No Respect: Why aren’t N.H.’s founders celebrated like the Bay State’s?
We’ve all been to Plimoth Plantation, seen the reconstructed settlement, the replica of the Mayflower, the rock, the whole deal. In Massachusetts, they make a big – and profitable – fuss over their founders.
In New Hampshire? Nada.
We had founders, too. They were here shortly after the Pilgrims, maybe even before. But do we have a reconstructed Pannaway settlement, a replica of the Jonathan, a statue of David Thomson?
“At least they could name a beer after the guy,” says local historian J. Dennis Robinson. “It’s pitiful.” He thinks part of the problem is that most Granite Staters have no clue about the first European settlement on Odiorne Point – and why should they?

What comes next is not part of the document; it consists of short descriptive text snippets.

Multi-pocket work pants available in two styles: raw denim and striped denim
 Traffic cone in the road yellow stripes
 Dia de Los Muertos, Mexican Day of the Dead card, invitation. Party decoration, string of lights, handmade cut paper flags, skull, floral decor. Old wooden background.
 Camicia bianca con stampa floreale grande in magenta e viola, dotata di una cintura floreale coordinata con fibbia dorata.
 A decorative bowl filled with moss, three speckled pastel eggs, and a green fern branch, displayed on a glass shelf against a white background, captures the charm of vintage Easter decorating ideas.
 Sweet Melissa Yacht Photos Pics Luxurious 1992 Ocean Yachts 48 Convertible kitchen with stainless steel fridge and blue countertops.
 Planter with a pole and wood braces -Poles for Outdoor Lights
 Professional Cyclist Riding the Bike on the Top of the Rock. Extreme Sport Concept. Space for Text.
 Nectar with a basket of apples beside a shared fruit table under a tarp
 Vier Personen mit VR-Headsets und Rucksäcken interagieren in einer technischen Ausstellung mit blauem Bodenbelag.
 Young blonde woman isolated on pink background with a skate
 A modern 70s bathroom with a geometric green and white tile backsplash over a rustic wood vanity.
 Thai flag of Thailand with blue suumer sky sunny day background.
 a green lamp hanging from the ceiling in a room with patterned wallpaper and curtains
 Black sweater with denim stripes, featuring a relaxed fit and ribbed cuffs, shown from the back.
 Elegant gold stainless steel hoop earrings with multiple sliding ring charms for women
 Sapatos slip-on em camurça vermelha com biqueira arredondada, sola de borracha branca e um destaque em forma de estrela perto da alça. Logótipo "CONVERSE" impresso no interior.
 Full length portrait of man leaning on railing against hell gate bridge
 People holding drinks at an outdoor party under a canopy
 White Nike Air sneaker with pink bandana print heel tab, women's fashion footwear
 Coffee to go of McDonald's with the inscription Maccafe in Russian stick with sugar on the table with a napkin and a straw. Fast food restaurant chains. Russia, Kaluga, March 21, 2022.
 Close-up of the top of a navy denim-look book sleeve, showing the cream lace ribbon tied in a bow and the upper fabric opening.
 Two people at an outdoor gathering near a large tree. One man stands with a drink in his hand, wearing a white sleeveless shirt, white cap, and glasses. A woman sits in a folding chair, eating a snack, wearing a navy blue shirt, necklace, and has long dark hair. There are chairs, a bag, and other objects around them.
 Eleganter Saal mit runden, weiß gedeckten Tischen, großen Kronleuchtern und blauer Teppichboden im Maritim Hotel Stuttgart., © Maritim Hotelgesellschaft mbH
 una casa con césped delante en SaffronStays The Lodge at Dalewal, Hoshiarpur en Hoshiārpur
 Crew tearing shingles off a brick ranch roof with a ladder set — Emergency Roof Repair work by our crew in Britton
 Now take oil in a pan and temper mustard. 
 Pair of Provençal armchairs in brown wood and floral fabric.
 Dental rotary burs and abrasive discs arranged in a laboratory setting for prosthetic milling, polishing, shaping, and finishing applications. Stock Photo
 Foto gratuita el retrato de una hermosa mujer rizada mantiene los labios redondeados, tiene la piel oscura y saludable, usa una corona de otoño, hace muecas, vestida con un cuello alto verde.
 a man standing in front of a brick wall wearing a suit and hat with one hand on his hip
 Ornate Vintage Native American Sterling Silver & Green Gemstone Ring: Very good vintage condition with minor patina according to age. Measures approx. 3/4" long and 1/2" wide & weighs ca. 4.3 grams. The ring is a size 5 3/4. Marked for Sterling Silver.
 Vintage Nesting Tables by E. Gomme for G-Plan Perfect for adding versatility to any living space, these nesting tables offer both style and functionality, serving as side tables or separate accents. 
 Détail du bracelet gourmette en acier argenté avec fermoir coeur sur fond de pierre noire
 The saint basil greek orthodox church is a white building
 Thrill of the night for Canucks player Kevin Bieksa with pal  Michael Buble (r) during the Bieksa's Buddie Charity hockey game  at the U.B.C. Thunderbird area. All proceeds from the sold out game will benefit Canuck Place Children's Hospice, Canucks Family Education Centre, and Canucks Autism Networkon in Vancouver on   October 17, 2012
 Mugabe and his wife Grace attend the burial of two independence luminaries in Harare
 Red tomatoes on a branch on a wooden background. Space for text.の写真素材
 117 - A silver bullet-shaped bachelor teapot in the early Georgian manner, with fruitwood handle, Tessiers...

There’s nothing to mark the spot, except for a granite marker that’s lost in the weeds somewhere.
“We’ve been focused as a state on the Old Man of the Mountain for our identity and for attracting tourists,” Robinson says. Now that he’s gone, what do we have? Could the Thomsons (wife Amias and young son John came, too) take the Old Man’s place, maybe even become the same kind of moneymaker that Plimoth Plantation is? Robinson would love to see that happen, but says right now “there’s no Thomson buzz.”
A first step toward getting people to pay attention to our founders, Robinson says, is to hire an artist to create a portrait of Thomson (whose name is sometimes spelled Thompson). “We have just one possible picture of Shakespeare and look what happened. It could happen with Thomson. First the picture, then the book, the movie, the mini-series and the Burger King cups.”
Thomson, a Scot, came to fish off the Isles of Shoals and to trade with the Indians. Robinson says, in addition to being a fisherman, Thomson was a scholar, a clerk, an apothecary, a traveler (there’s evidence he visited here as early as 1619) and a gung-ho capitalist.
After arriving on the ship Jonathan in 1623, Thomson, his family and as many as 10 indentured servants (maybe we won’t talk about that part) settled on the point of land that is now Odiorne State Park, where the Seacoast Science Center is, a place they called Pannaway.
“Our founding couple – it’s sinful,” says Robinson, who’s been telling this story for 40 years with no traction. “If we wait for the state to ante up and build a statue, it might take another 400 years. So what’s in your wallet?”